Content starts

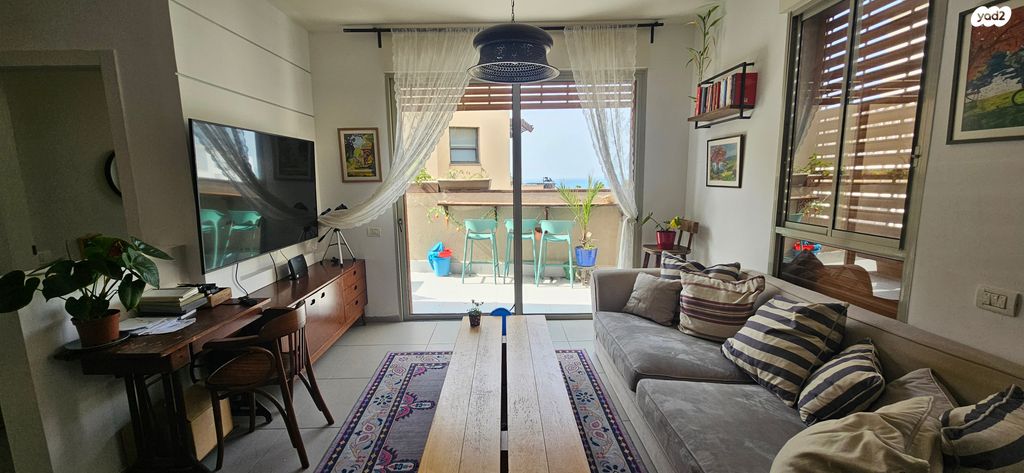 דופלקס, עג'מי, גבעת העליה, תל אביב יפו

Content ends
Content starts

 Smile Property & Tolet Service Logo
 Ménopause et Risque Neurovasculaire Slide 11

Content ends
Content starts

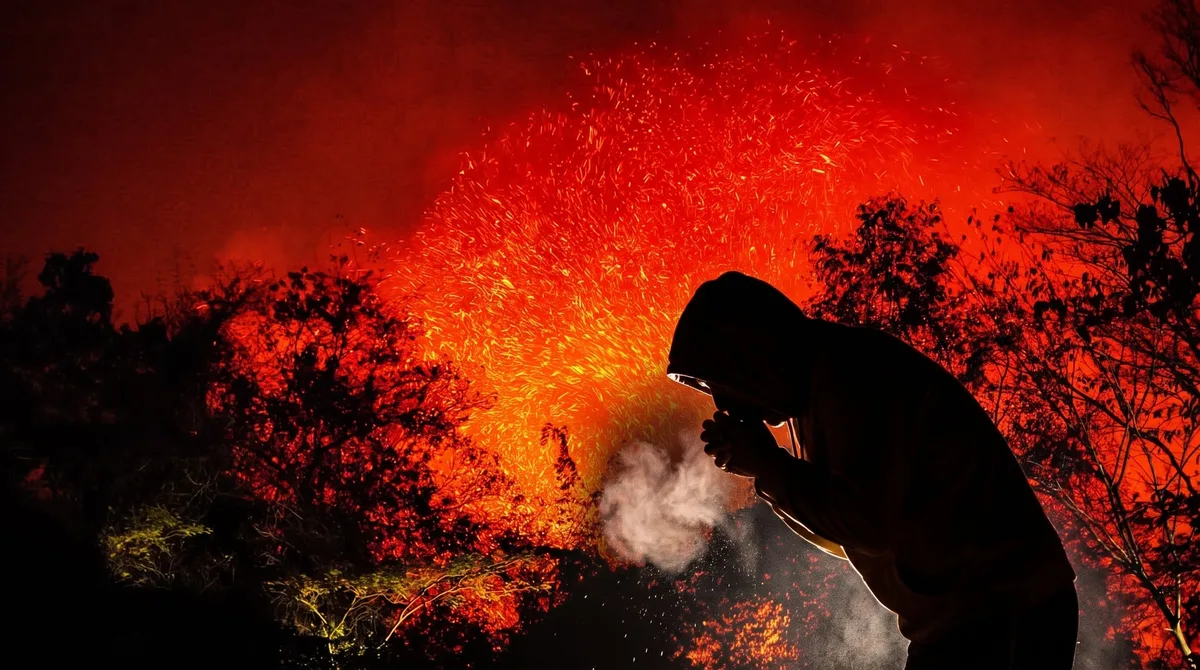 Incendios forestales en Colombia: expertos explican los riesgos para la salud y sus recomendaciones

Content ends

[TASK PROMPT]: Only one part of the material above is to be transcribed, namely the lines starting with the line that has "Smile Property & Tolet Service Logo" and going on through the line that has "Ménopause et Risque Neurovasculaire Slide 11", exactly as they stand.

[RESULT OF THIS EXERCISE]:
 Smile Property & Tolet Service Logo
 Ménopause et Risque Neurovasculaire Slide 11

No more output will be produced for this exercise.